Oil headed for a second weekly drop as demand concerns returned to the fore, snuffing out gains driven by Saudi Arabia’s unilateral pledge to cut production.
West Texas Intermediate fell to near $71 a barrel and is down about 1% this week. Optimism that Riyadh’s move to reduce output by at least 1 million barrels a day was fast replaced by a worsening outlook for consumption. Citigroup Inc. said the cuts won’t offset weak market fundamentals.
Reports in Middle Eastern media — including Israel’s Haaretz newspaper — that the US and Iran had made progress on nuclear talks that could lead to more supply from the Islamic Republic helped push crude down 1.7% on Thursday. However, US officials said reports of an interim deal are false.

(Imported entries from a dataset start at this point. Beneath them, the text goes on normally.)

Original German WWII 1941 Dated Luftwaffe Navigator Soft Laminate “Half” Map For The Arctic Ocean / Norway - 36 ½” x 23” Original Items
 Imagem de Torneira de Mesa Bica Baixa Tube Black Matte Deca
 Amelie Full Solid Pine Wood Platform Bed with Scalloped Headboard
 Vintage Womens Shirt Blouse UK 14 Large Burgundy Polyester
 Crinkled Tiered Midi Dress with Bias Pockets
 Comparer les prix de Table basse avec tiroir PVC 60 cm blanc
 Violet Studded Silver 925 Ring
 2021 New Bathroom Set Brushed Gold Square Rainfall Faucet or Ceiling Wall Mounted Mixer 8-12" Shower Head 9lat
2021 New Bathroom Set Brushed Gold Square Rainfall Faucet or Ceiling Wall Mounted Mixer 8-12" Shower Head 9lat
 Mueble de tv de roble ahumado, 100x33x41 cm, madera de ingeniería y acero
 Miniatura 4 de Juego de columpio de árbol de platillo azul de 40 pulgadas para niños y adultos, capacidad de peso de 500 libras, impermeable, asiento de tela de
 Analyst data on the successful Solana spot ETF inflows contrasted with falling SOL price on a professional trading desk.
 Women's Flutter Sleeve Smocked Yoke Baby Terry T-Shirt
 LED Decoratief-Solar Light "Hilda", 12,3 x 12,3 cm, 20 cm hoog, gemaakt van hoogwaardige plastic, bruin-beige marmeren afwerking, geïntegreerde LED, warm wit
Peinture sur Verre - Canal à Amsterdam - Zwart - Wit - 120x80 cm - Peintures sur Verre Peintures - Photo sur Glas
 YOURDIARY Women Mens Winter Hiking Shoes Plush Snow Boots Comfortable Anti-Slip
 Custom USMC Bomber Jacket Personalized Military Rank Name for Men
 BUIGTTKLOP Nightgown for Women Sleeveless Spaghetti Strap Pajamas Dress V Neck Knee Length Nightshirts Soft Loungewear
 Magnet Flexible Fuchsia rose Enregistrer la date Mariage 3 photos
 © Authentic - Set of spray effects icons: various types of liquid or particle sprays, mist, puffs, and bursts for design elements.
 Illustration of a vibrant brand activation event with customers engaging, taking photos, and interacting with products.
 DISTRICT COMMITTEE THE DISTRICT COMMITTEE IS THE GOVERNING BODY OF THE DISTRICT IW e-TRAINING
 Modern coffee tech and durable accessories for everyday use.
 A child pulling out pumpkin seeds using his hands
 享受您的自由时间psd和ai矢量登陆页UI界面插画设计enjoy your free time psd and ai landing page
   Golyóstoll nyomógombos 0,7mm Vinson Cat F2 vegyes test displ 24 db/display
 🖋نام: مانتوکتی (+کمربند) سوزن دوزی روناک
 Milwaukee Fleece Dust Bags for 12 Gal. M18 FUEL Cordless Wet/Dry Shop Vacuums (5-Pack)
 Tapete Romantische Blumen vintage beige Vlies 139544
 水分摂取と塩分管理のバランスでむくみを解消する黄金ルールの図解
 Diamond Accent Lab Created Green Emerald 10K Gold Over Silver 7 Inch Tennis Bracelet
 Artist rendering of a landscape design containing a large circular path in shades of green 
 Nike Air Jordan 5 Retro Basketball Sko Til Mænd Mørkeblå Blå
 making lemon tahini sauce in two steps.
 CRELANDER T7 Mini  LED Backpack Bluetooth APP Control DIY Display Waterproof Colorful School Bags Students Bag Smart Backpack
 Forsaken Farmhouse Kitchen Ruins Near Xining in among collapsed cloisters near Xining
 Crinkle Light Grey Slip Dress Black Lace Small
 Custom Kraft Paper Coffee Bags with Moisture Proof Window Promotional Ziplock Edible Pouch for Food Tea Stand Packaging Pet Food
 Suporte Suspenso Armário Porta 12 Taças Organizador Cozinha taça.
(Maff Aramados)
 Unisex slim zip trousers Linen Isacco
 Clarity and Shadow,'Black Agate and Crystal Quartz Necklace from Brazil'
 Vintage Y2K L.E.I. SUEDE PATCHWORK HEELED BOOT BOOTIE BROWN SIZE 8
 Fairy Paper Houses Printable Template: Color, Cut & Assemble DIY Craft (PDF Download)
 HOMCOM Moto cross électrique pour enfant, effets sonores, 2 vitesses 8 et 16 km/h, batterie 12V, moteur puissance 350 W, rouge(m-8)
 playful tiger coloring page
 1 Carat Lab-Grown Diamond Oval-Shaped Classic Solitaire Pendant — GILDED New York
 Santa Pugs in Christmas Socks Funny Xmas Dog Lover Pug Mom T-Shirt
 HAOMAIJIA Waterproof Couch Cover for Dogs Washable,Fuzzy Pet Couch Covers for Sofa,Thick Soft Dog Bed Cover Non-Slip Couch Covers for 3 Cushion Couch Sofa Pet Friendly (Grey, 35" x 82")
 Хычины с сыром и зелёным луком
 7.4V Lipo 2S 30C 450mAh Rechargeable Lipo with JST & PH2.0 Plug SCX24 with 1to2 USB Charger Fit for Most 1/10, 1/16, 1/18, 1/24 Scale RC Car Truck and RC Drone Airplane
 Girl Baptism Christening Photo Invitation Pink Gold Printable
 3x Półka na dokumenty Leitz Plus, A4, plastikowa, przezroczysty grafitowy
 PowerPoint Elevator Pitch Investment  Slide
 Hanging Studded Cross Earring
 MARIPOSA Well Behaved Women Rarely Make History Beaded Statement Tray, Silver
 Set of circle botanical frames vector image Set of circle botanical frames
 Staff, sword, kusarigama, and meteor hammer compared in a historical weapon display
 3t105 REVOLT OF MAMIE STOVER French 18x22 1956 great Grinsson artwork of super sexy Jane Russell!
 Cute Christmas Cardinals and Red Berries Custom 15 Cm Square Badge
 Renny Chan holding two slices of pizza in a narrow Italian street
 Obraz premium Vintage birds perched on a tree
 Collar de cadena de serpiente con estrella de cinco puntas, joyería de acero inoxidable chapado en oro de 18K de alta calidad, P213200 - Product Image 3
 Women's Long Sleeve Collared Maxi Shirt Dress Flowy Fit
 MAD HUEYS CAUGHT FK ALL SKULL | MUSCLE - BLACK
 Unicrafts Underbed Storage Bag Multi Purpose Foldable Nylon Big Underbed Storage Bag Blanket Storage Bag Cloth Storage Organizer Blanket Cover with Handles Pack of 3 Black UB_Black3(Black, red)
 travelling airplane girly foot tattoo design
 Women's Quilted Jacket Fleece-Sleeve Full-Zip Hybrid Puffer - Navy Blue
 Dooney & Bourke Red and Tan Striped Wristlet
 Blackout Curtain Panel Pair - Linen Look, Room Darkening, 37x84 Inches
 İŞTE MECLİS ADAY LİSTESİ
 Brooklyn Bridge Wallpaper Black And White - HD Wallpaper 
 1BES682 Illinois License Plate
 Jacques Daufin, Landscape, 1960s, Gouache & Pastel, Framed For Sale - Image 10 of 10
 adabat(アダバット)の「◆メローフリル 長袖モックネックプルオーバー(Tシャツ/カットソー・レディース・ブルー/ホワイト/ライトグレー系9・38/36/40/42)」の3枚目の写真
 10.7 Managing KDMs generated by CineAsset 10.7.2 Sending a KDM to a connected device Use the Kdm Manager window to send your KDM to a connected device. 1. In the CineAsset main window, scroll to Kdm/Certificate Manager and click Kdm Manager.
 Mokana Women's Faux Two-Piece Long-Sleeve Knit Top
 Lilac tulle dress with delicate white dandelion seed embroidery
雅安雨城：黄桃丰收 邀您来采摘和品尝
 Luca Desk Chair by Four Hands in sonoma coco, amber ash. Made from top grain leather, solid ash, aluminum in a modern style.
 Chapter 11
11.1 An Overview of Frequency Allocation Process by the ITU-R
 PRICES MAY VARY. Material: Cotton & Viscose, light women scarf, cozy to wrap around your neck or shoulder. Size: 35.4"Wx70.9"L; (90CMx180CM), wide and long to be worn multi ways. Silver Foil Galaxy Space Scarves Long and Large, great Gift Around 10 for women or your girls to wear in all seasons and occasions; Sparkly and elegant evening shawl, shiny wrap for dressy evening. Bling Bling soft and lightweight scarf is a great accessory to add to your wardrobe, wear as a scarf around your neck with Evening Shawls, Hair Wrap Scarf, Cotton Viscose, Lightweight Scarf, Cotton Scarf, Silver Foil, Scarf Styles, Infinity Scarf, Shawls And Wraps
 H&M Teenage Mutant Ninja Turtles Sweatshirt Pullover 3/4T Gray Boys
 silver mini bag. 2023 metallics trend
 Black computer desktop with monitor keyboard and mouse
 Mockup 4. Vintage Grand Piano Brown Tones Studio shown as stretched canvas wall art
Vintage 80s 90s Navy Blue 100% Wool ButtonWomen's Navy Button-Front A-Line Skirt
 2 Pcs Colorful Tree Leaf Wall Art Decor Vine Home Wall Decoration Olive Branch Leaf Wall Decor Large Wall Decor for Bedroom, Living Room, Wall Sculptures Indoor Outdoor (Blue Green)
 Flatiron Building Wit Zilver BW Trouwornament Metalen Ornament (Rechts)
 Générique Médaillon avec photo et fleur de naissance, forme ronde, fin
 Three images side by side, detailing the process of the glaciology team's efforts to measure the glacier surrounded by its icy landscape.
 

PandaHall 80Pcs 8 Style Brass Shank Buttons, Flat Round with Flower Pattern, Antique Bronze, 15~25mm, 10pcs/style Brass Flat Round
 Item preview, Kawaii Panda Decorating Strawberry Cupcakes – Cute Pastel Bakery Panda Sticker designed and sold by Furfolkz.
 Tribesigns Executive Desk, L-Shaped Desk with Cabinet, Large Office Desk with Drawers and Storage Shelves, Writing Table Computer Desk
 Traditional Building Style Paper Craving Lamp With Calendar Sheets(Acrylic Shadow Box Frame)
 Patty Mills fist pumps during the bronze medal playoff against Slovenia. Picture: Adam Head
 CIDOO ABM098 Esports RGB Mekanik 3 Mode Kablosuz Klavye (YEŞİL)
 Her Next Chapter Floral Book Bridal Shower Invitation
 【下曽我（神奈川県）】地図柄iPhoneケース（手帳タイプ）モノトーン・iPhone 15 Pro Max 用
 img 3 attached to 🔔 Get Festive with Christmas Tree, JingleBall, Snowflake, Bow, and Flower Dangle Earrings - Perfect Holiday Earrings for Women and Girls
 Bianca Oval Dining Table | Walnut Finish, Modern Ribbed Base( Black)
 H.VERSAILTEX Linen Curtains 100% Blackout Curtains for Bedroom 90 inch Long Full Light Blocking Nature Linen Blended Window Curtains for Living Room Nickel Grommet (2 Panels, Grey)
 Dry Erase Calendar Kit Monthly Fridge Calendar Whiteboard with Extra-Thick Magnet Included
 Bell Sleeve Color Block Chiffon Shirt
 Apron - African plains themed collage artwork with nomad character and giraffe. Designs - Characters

The US oil benchmark has fallen around 15% from a peak in mid-April on signs that China’s recovery is stalling and the US will need to keep hiking interest rates to rein in inflation. Russia’s exports of crude have also been more resilient than anticipated, adding to supply.
“The fall in oil prices since the OPEC+ meeting likely reflects global growth fears and oil demand concerns,” said Vivek Dhar, director of mining and energy commodities research at Commonwealth Bank of Australia. Still, the Saudi cuts “are likely to tip oil markets into a shortfall later this year.”